I don’t mean the same kind of life the world offers – the kind we see advertised everywhere, on TV, on billboards, in magazines, all over the web. It’s usually not too hard for us to choose that kind of life and prosperity, right? We work hard at school, we work hard at sports, we work hard at work, we work hard at everything – we choose to do what it takes to be successful. And that’s fine and commendable choice to make, one that will reward us along the way, lengthen our lives, and bring us blessings.
But the kind of life and prosperity God offers isn’t so much about being successful as it is about being fruitful. It’s about choosing to live our lives in such a way that the world can look at us and see an abundance of God the same way we might look at a tree and see an abundance of fruit. It’s about choosing to live our lives in such a way that not only makes the world available to us, but that also makes God available to the world through us.
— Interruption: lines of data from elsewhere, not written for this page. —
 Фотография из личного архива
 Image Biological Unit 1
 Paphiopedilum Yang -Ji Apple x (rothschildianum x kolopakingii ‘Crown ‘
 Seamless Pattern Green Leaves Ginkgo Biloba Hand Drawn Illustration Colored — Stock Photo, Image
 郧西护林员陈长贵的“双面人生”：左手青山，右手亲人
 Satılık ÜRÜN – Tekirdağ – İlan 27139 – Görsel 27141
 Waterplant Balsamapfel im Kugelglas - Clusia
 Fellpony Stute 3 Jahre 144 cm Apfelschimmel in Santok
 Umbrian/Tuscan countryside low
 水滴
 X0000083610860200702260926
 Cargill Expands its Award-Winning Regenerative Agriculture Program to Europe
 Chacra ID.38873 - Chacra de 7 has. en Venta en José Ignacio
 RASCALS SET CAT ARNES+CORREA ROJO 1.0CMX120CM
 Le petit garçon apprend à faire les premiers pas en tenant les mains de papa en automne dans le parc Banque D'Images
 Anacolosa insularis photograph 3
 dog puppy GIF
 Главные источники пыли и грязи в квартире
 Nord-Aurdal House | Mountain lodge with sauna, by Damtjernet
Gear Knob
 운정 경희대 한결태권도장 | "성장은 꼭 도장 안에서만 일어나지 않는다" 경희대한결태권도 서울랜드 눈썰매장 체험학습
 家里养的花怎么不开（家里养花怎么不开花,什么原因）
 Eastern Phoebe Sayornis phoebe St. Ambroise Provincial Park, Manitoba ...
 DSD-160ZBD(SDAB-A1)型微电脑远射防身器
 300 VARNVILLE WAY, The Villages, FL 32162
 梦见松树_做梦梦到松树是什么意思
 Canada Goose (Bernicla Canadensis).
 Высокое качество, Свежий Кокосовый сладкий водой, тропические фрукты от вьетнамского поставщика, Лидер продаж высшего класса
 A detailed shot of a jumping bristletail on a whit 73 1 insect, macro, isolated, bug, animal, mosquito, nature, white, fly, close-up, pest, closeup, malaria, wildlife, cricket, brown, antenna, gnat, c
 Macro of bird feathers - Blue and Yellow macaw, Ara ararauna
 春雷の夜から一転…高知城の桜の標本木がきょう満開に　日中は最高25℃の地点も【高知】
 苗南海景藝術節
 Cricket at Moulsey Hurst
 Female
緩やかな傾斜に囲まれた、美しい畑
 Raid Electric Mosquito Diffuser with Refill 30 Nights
Moses urged the Israelites that day to choose life by obeying the commandments of God, loving God, walking in God’s ways, by holding fast to God. Of course, there were not just ten but hundreds of commandments written down by the time it was all said and done. Jesus would later sum up all those commandments like this: You shall love the Lord your God with all your heart and with all your soul and with all your mind and with all your strength; and you shall love your neighbor as yourself.
We choose life when we choose love. And I’ve been here just long enough to see that our St. Andrew’s community is full of life. I’ve seen it in the way you care about your friends. I’ve seen it in the way your teachers and coaches care about you. I’ve seen it in the way you all care about the world, about those who are sick or suffering or less fortunate or alone. This, my successful friends, is your fruit.
What makes choosing this kind of life and prosperity hard, I think, is that we are faced with so very many choices each day. What to wear, what to buy, to whom we will speak, how we’ll use our time… The world will ask us to choose only success, and at all costs. But this morning, we are asked to consider choosing God first, choosing love, choosing a life that bears fruit.
Every decision we make throughout our day is a new opportunity to choose life. There are a bazillion options out there – many of them are wonderful, full of blessings; others aren’t so good for us. But God has an abundant supply of those little pink plastic spoons, knowing full well that it can be hard for us to make up our minds, hard for us to commit. We choose life when we choose love, when we choose the One who first chose us, loved us, gave us life, and sprinkled us with blessings.
Let us pray in the words of Julian of Norwich, “God, of your goodness, give me yourself, for you are enough for me. If I ask anything that is less, I shall be in want, for only in you do I have all.” Amen.